One of my programs which took 1mn on 1.0.0 takes 5mn on 1.0.1
I tracked at least part of the problem to the following code snippet:

function foo(gens,elts::Vararg{Vector{Int}})
  ee=collect(elts)
  for i in eachindex(gens)
    if let i=i
      all(w->w[i]>w[i+1],ee)
       end
      error("should not happen")
    end
  end
end

l=map(i->collect(1:5),1:4)
for i in 1:4 l[i][[i,i+1]]=l[i][[i+1,i]] end
const gens=l
const a=[2,1,3,4,5]
const b=[1,2,4,3,5]
test()=foo(gens,a,b)

On 1.0.0

julia> @btime test()
  176.287 ns (2 allocations: 128 bytes)

On 1.0.1:

julia> @btime test()
  695.735 ns (6 allocations: 192 bytes)

Does anyone know what’s happening here?

2 Likes

Please open an issue. I am running a bisect now to see what commit introduced it.

1 Like

I just noticed some regression on my code. It took 370 seconds on 1.0.0 last night, now takes 673.371075 seconds on 1.0.1.

Please let us know what you find as we are all very curious about this issue.
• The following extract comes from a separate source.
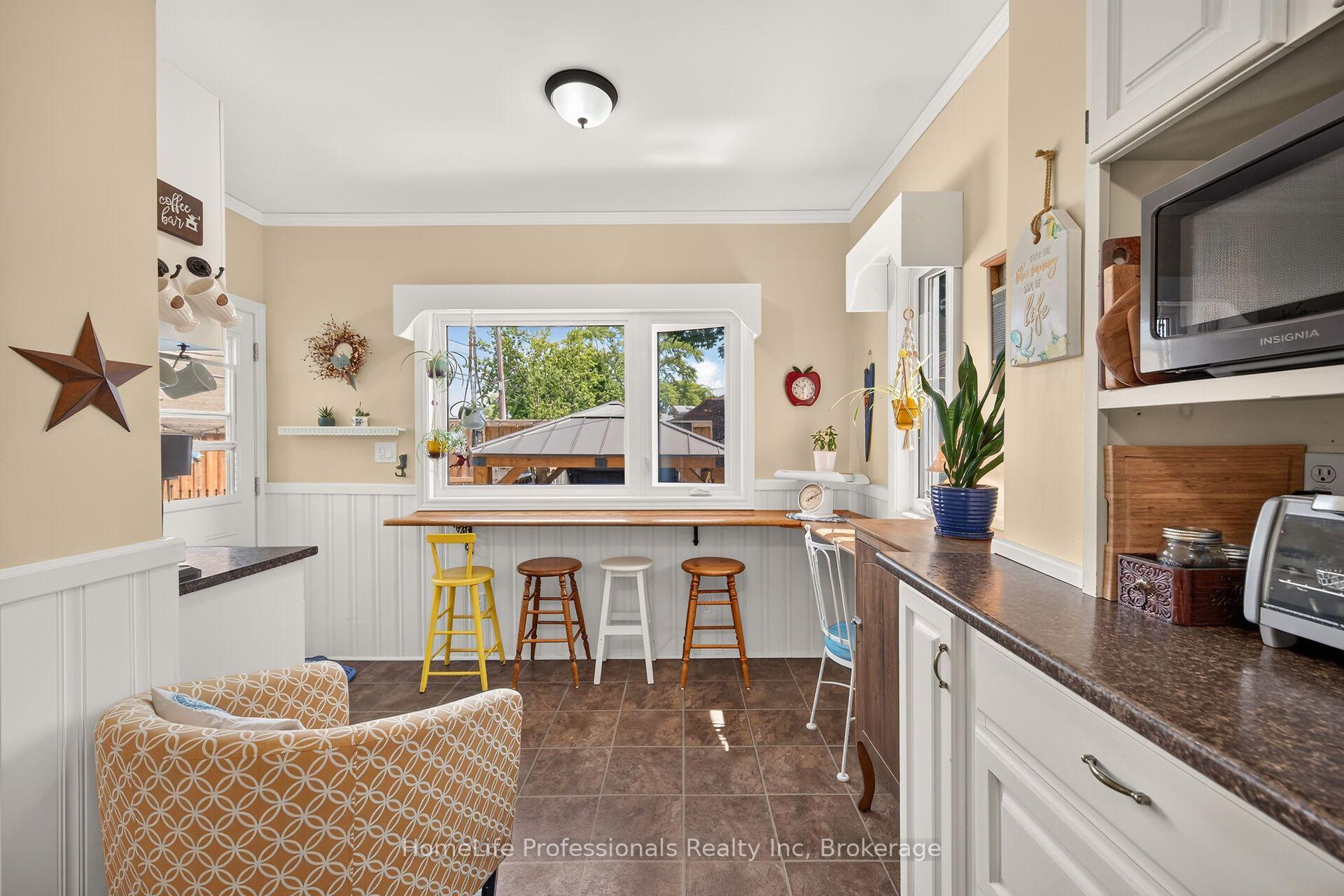Photo 16 of 13 Paisley Avenue S, Hamilton, Westdale — HOMEH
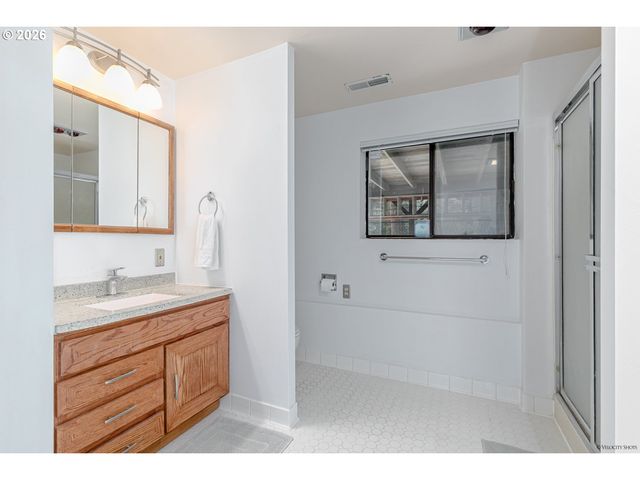 42440 Se WILDCAT MOUNTAIN Dr, Sandy, OR 97055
https://github.com/JuliaLang/julia/issues/29464

Seems like an innocent looking commit had some performance implication that our benchmark suite didn’t catch.

1 Like

It would be good if you could find out the source of the slow down or at least make it reproducible, and we can see if it is the same commit as in the first post.